Work to complete =
Please report every line in the entries that contains the string "Image".
_____
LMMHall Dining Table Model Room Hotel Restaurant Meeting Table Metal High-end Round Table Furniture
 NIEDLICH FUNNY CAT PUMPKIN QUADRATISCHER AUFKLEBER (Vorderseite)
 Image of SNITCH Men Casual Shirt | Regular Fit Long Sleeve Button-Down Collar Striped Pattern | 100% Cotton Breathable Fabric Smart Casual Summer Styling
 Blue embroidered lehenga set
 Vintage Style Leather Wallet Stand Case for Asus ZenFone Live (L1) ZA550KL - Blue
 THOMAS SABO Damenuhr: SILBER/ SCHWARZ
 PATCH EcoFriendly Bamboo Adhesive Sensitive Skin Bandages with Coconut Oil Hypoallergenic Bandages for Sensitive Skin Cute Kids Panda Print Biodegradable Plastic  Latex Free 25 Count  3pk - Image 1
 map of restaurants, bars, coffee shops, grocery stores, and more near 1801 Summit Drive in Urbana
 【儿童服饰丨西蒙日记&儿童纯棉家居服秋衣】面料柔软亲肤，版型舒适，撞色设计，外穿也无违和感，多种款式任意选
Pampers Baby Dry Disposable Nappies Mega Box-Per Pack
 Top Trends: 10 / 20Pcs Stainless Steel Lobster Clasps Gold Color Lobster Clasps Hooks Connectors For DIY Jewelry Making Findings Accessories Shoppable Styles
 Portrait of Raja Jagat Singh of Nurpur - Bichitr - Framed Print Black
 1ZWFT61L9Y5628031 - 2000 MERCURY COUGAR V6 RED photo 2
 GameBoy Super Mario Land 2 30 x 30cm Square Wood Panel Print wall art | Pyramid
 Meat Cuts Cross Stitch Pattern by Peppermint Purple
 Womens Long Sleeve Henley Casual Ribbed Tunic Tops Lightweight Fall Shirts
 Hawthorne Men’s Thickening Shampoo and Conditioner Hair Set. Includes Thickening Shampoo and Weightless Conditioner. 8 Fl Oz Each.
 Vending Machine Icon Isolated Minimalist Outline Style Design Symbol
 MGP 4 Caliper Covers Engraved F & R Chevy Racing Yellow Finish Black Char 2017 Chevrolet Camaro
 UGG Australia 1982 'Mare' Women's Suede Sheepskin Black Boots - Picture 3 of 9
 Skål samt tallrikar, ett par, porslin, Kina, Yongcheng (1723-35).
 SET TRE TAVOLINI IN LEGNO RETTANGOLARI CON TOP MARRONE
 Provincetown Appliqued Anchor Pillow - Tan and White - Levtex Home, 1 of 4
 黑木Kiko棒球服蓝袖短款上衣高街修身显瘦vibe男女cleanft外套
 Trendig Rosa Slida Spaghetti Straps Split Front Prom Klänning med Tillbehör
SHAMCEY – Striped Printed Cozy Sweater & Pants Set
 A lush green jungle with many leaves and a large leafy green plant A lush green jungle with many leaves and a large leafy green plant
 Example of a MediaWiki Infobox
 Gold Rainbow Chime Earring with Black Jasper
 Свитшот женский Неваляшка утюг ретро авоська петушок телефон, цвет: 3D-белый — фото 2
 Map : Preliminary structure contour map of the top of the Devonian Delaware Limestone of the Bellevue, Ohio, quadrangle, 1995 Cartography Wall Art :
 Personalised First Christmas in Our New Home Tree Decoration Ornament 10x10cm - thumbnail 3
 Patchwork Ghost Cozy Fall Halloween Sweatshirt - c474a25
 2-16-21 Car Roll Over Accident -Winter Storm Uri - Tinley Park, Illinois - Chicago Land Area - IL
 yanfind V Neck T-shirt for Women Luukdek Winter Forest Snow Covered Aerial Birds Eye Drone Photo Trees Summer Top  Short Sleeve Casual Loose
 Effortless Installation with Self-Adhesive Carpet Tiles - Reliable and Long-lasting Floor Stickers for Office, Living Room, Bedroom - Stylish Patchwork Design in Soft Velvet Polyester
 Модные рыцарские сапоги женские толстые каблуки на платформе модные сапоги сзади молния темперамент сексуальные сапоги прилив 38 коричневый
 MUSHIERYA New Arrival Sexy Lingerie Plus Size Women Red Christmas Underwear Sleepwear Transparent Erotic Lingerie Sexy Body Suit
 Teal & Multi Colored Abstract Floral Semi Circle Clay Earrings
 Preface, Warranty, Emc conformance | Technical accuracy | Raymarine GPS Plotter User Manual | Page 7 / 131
_____
Exercise output =
 Image of SNITCH Men Casual Shirt | Regular Fit Long Sleeve Button-Down Collar Striped Pattern | 100% Cotton Breathable Fabric Smart Casual Summer Styling
 PATCH EcoFriendly Bamboo Adhesive Sensitive Skin Bandages with Coconut Oil Hypoallergenic Bandages for Sensitive Skin Cute Kids Panda Print Biodegradable Plastic  Latex Free 25 Count  3pk - Image 1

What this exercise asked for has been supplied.